La actuación de la actriz trans Daniela Vega es notable. Su rostro impávido es pura contención, y en él se entrevén una y otra vez los dolores del duelo, el cansancio de luchar toda una vida contra los mismos prejuicios y la indignación puntual por el trato recibido en este momento crítico. En los entretiempos de tantos momentos desagradables y profundamente incómodos, la protagonista da golpes, una y otra vez, a una suerte de punching ball que cuelga del techo de su apartamento. Aquí el espectador puede pensar que, como en tantas otras películas, se está preparando para romperle la cara a alguno (y de hecho, deseamos que lo haga), pero, al menos de acuerdo con lo que sucede en pantalla en el período presentado, parecería hacerlo con el único propósito de descargar y exorcizar ese cúmulo de frustraciones diarias que acontecen. Lelio demuestra el descomunal ejercicio que tiene que hacer una persona trans para mantener la compostura, para no descolocarse a gritos, para tolerar, tragar y soportar, aun cuando sus interlocutores no merecen tales deferencias. Se da a entender ese esfuerzo brutal que supone, para ellas, intentar encajar en una sociedad, esfuerzo similar o incluso mayor al de otros grupos discriminados.

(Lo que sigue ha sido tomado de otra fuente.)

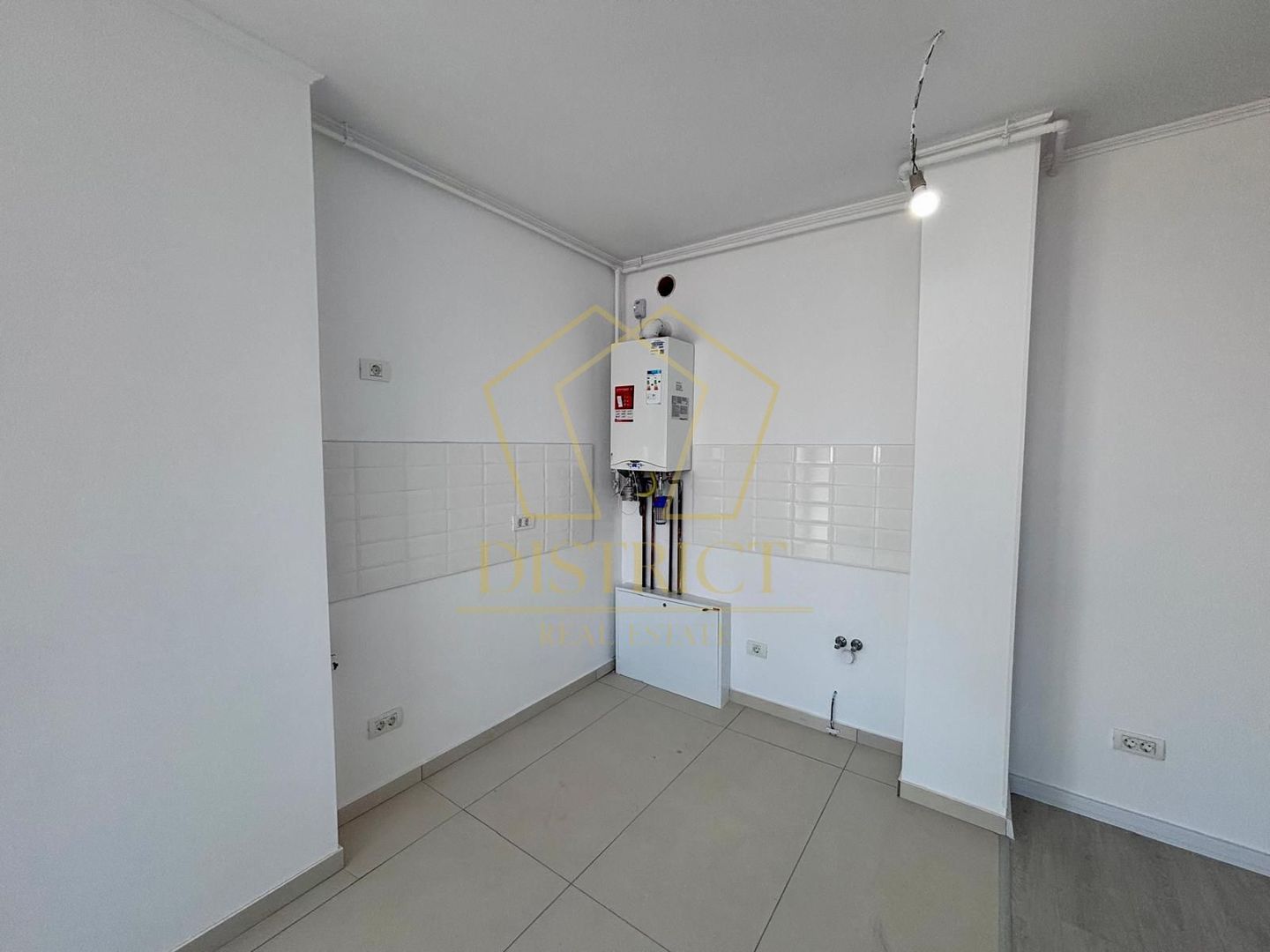 COM 0% Apartament modern cu 3 camere | Torontalului - Poză 5
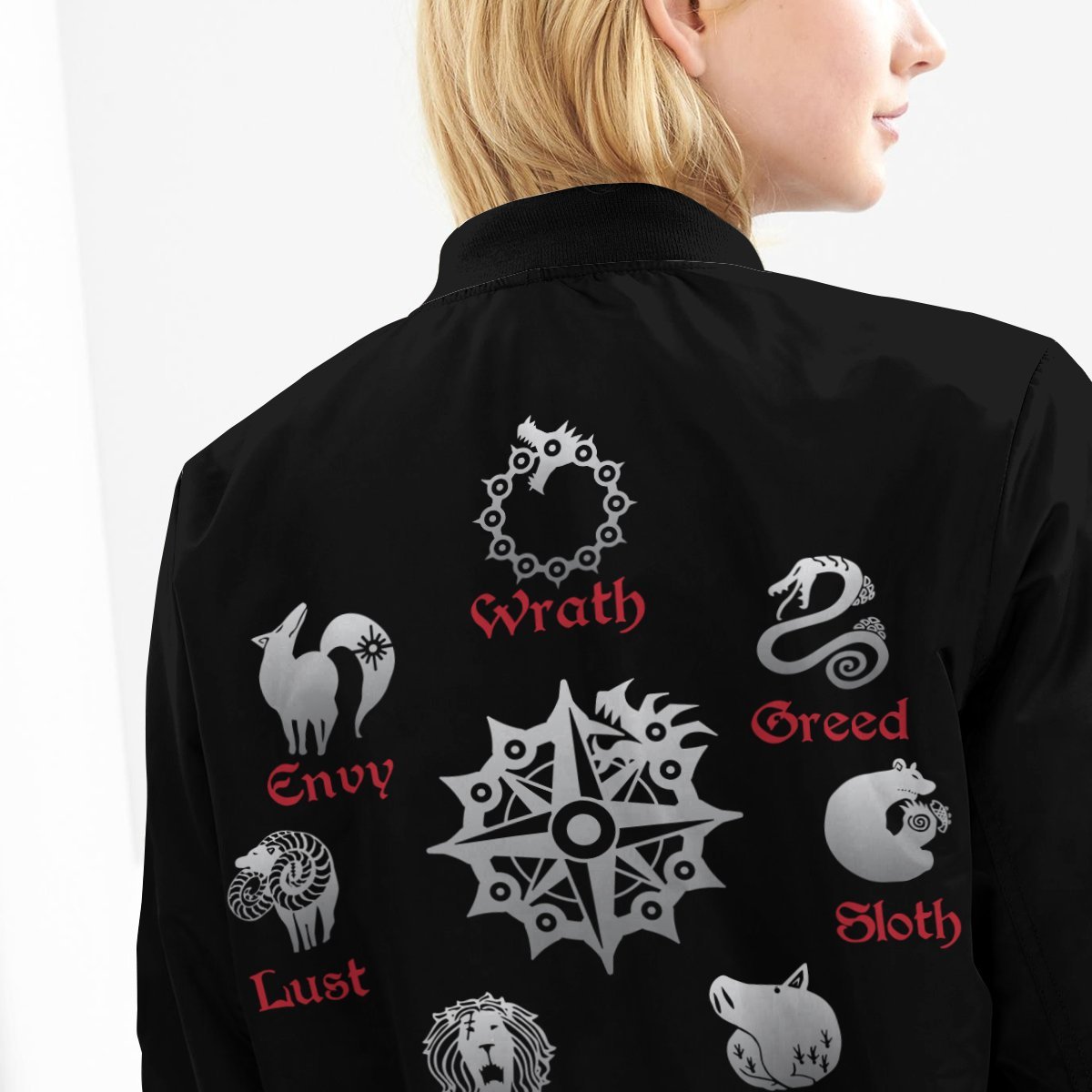 seven-deadly-sins-bomber-jacket-266047 seven deadly sins bomber jacket 266047 - Gear Anime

Otro aspecto sumamente interesante refiere a la genitalidad del personaje: en un par de escenas aparece desnuda, pero con su zona genital deliberadamente oculta. Queda abierta la incógnita de si se hizo una operación para cambio de sexo o no, cuestión con la que incluso algún personaje tiene el desparpajo de importunarla directamente: “¿Qué eres?”, como si fuese imperativo ubicarla en uno u otro casillero mental. Incluso la comisaria que la investiga decide deliberadamente quedarse junto al perito criminalístico, con la clara intención de ver sus partes descubiertas.
La humillación consiste en destaparla, imponerle motes, etiquetas, y aquí se demuestra lo crucial que es para el colectivo trans el asunto del nombre impreso en el documento. En una conversación con la ex mujer de su pareja fallecida, ésta la llama por su nombre masculino como una forma de anularla, de descalificarla como mujer. Y así como una persona y otra deciden unilateralmente decirle como se les antoja, también le exigen con qué tratamiento referirse a ellos: piden que los trate de “usted”, de “comisaria Cortés” o como sea. El director Lelio y su guionista habitual, Gonzalo Maza, saben exponer y denunciar los mayores vicios sin subrayados ni énfasis, y con una sutileza envidiable.
Una mujer fantástica. Chile/Alemania/España/Estados Unidos, 2018.